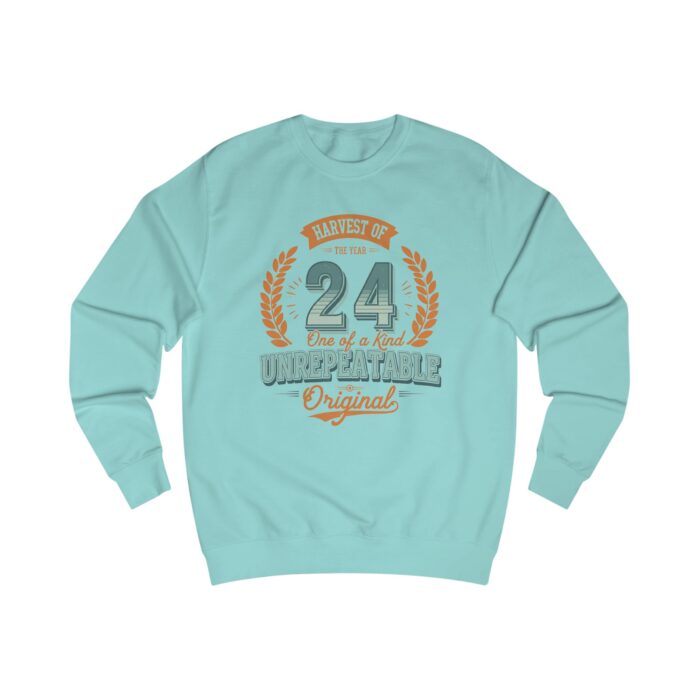 24 Unrepeatable Unisex Sweatshirt - Image 39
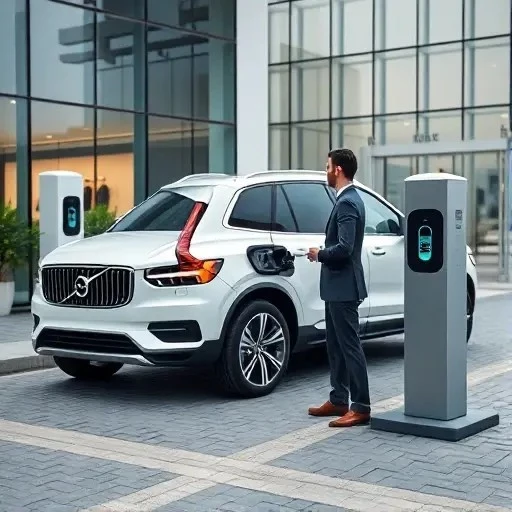 Срочный выкуп авто Volvo EX90 электрический 408 л.с. (2024–н.в.) у нас в компании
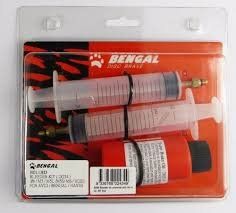Ersatzteile: Bengal - Kit de purge DOT4 – Neu und originalverpackt aus Biel/Bienne von TheShop4U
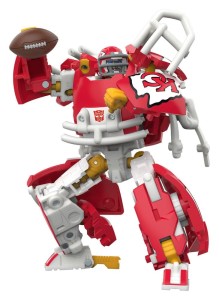 Figurka Transformers Kansas City Chiefs KC-59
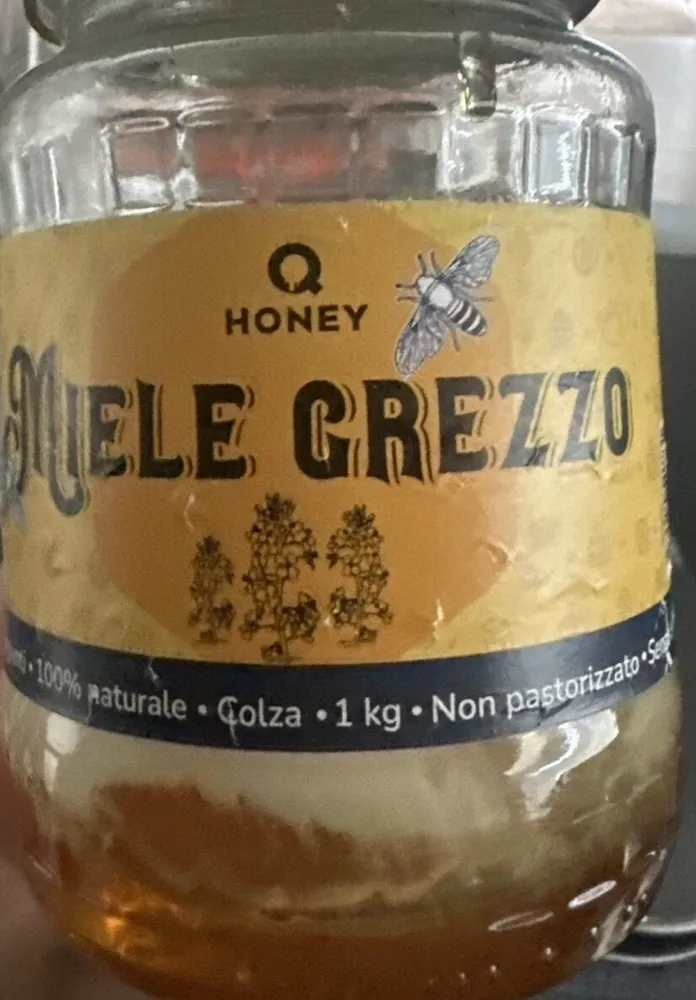 Miele Di Colza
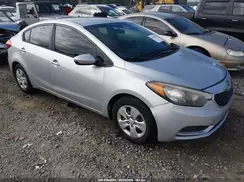 KNAFK4A6XG5515659 2016 KIA FORTE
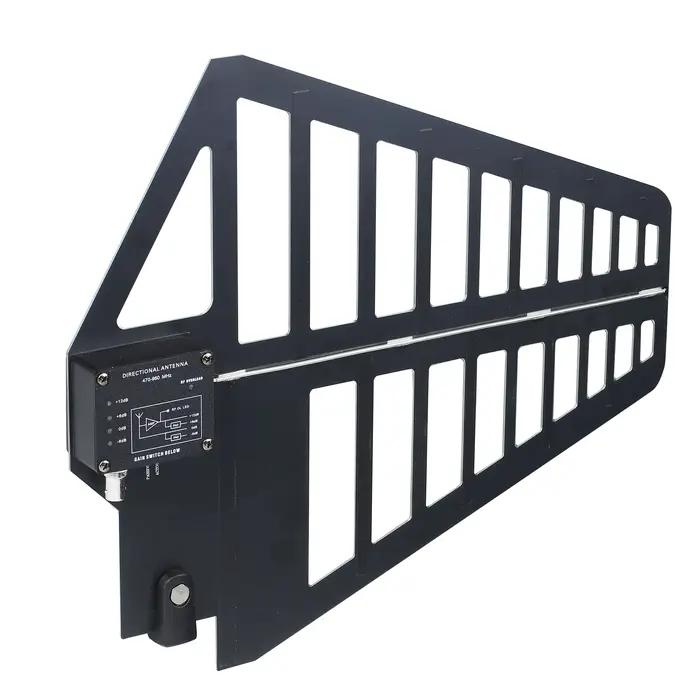 Betagear – antenne Active UA8800, entrée 9-12V, puissance directionnelle, 470-950Mhz, câble BNC pour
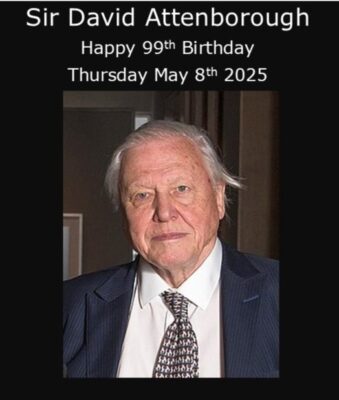 David Attenborough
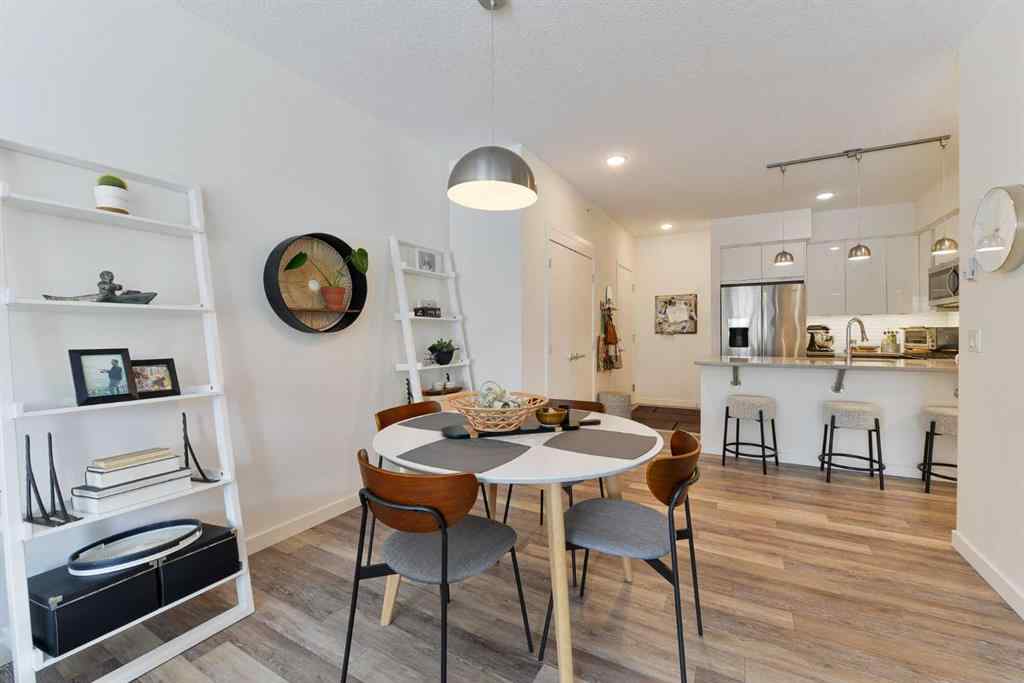 MLS® A2257124 - Unit #407 120 18 Avenue SW in Mission Calgary, Residential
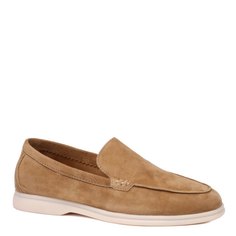 Лоферы женские Tendance YS-2299-X01A-S бежевые 40 EU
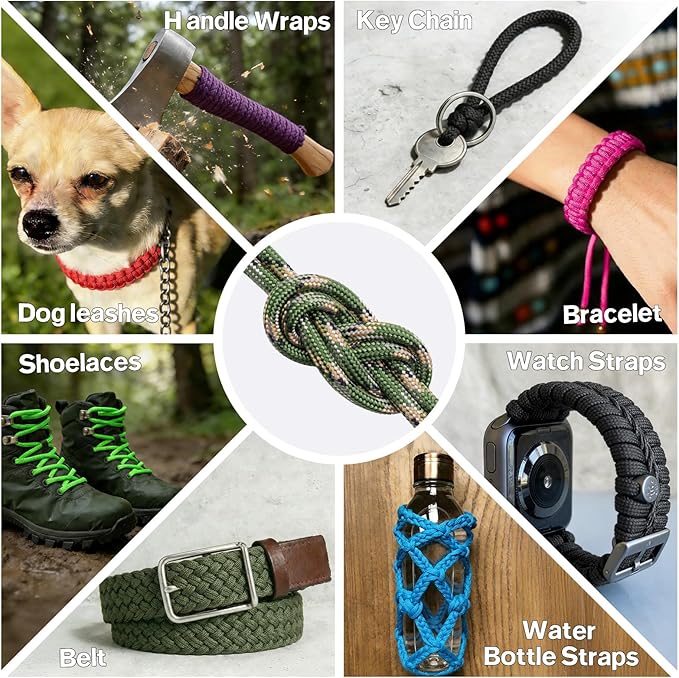 Paracord Rope 750 - Image 5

------------------------------------------------------------

(Task details):
Print each line above exactly as it appears, excluding all images.

(Exercise output):
 24 Unrepeatable Unisex Sweatshirt - Image 39
 Срочный выкуп авто Volvo EX90 электрический 408 л.с. (2024–н.в.) у нас в компании
Ersatzteile: Bengal - Kit de purge DOT4 – Neu und originalverpackt aus Biel/Bienne von TheShop4U
 Figurka Transformers Kansas City Chiefs KC-59
 Miele Di Colza
 KNAFK4A6XG5515659 2016 KIA FORTE
 Betagear – antenne Active UA8800, entrée 9-12V, puissance directionnelle, 470-950Mhz, câble BNC pour
 David Attenborough
 MLS® A2257124 - Unit #407 120 18 Avenue SW in Mission Calgary, Residential
 Лоферы женские Tendance YS-2299-X01A-S бежевые 40 EU
 Paracord Rope 750 - Image 5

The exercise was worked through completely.